### Task goal
Where does the word "Villa" occur in the entries below? Copy every line that has it.

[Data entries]
"""
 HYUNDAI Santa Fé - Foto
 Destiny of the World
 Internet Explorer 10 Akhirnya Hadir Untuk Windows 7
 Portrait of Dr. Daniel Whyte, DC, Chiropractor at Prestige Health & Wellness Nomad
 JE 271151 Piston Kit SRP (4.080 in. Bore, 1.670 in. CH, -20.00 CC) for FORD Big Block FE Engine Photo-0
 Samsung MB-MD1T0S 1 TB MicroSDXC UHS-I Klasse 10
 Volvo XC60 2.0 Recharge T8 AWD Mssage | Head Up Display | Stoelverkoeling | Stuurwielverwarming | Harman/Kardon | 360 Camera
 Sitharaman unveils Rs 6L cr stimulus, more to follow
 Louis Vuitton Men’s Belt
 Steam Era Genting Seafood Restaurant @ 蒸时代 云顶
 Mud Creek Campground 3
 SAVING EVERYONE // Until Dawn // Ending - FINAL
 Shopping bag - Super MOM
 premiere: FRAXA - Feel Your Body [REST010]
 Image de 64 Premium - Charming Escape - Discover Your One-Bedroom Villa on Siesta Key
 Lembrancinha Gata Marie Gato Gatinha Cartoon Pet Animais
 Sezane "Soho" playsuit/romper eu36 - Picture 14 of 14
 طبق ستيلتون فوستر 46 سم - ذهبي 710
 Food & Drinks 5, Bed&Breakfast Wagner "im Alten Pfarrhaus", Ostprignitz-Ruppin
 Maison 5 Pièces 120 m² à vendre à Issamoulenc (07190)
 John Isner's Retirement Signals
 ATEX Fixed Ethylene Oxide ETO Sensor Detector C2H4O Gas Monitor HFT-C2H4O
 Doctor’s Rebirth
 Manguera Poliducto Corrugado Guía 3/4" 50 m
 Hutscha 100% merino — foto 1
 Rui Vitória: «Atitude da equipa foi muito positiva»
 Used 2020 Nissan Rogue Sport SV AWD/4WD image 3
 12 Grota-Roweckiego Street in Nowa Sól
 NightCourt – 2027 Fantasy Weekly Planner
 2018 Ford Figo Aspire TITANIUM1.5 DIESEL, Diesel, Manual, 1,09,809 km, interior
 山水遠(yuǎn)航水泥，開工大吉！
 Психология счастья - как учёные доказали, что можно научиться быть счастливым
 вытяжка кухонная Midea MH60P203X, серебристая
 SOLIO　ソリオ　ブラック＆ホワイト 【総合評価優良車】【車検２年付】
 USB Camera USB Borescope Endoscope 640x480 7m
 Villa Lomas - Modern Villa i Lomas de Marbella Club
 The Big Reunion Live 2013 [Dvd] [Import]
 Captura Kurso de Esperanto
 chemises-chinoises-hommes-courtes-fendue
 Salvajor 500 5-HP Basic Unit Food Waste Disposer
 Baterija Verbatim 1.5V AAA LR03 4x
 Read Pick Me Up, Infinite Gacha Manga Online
"""
### Answer to this exercise
 Image de 64 Premium - Charming Escape - Discover Your One-Bedroom Villa on Siesta Key
 Villa Lomas - Modern Villa i Lomas de Marbella Club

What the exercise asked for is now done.